И Сергей Константинович, вооружившись пером, на прекрасном французском языке обратился к Черубине де Габриак с предложением порыться в старых тетрадях и прислать в редакцию все, что она до сих пор писала.
* * *Старенькая «Мазда» стояла у подъезда, а Илья расхаживал вокруг машины, ногой в лакированном ботинке постукивая по колесам. Для загородной прогулки вид у него был чересчур пижонский, и я не сдержалась от улыбки.
— Ну что, поехали? — небрежно распахивая переднюю дверцу, проговорил папин коллега.
— Поехали, — я устроилась на сиденье.
Калиберда занял водительское место, повернул ключ в замке зажигания, но вместо ровного шума мотора послышалось глухое ворчание и подозрительный стук.
— Черт, — выругался водитель. — Купил старье на свою голову.
И с сожалением протянул:
— Вот так и бывает, Жень! Пришлось продать свою новую машину, а эту рухлядь взять.
— А что так?
— Надо же на чем-нибудь ездить.
Машина все-таки тронулась. Мы свернули за угол, и, глядя на мелькающие за окном дома соседней улицы, я проговорила:
— Знаешь, Илья, я тут подумала и решила вернуться в Москву. Не нужна мне ни дача, ни квартира. Если отец все оставил Алике, пусть так и будет. Мы обязаны уважать волю покойного.
Калиберда вильнул рулем и резко затормозил у обочины.
— Жень, ты что, с ума сошла? — он удивленно смотрел на меня. — И квартира, и дача достанутся Альке?
— Если папа так решил…
— Я описал ситуацию адвокату, он говорит, что половина наследства совершенно точно твоя!
— Пусть Алика дачу и забирает, — не стала я спорить. — Как госпожа Боярская хотела. Мне все равно.
— И ты готова остаться в коммуналке с Сириным? — Губы Ильи тронула ироничная улыбка.
— А что тебя удивляет?
— Ты с ним общалась?
— Так, перекинулась парой слов, — уклончиво ответила я, стараясь казаться правдивой.

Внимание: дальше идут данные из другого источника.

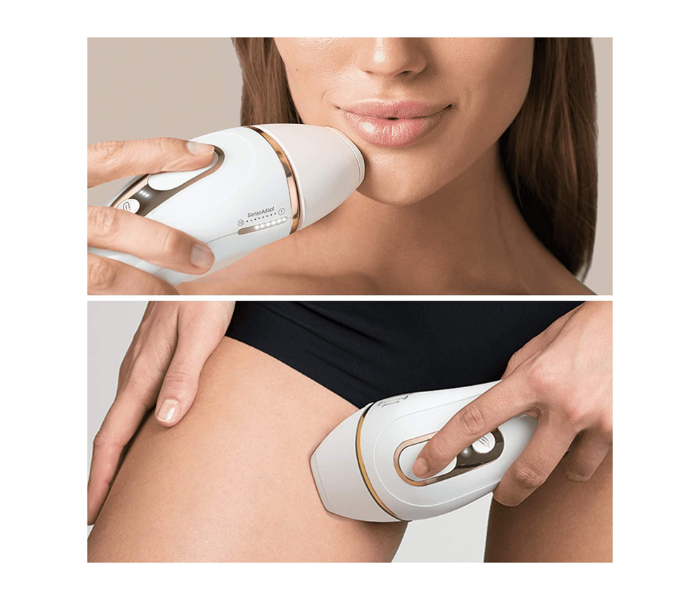 Braun IPL PRO5117 Silk Expert Pro with Permanent Hair Removal Laser - White and Gold - Zoom Image 2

Парень помолчал, барабаня тонкими смуглыми пальцами по кожаной оплетке руля, и сдавленно заговорил, глядя в окно:
— Я веду раздел моды, знаю многих людей из тусовки, которые крутятся вокруг подиумов. Моделек там всяких знаю, стилистов, дизайнеров. Так вот. Есть у меня знакомый, Бейзил Колин, один из лучших питерских фотографов. — Тонкие пальцы откинули со лба прядь смоляных волос и снова вернулись на руль. — Сидели мы как-то в одном кабаке и разговорились про детство. И Бейзил вспомнил, что жил когда-то на улице Луталова и знал Максика. И Сирина тоже знал. Только Сирин держался особняком, ни с кем не дружил, а Максик, наоборот, просился в дворовую компанию, но его не брали. Во-первых, он был чужак и нечасто выходил во двор, а во-вторых, у него все время был открыт рот из-за хронического гайморита, и пацаны его дразнили. Максик уже тогда был большим весельчаком, и, чтобы отомстить ребятам, стащил с веревки, на которой сушилось белье, белые трусы предводителя ребячьей шайки. Стащил и вымазал коричневой краской, после чего вернул на место. Как только главарь понял, над чем хохочут его приятели, он сдернул оскверненные трусы с веревки и припустил за Максиком по двору, на ходу вопя, что заставит Максика их сожрать. В том, что это дело рук Мерцалова, главарь не сомневался, ибо видел, как тот зачем-то возится около белья, но не придал этому значения. Ребята загнали Максика в подвал, повалили на землю и стали пихать тряпичный ком в рот. Пихали до тех пор, пока не протолкнули в глотку. Максик сначала дергался, а потом затих. Только тогда мальчишки поняли, что Максик задохнулся. Все тут же разбежались кто куда, бросив Максика на земле, и тогда в подвал спустился Кеша Сирин, наблюдавший за экзекуцией через крохотное подвальное окно. В одной руке у Сирина был школьный портфель, в другой — авторучка, которой он с размаху пробил Максику горло. Теперь бы сказали, что он провел экстренную трахеотомию, но в то время Голливуд еще не наводнил нашу страну брутальными фильмами, и простые обыватели ничего не знали об этом суровом приемчике по оказанию первой медицинской помощи. Открыв доступ воздуха к легким Максика, Сирин выволок его на улицу, и только потом взрослые вызвали «Скорую», и твоего будущего отца до конца реанимировали уже в больнице. На тот момент героям этой истории было по девять лет.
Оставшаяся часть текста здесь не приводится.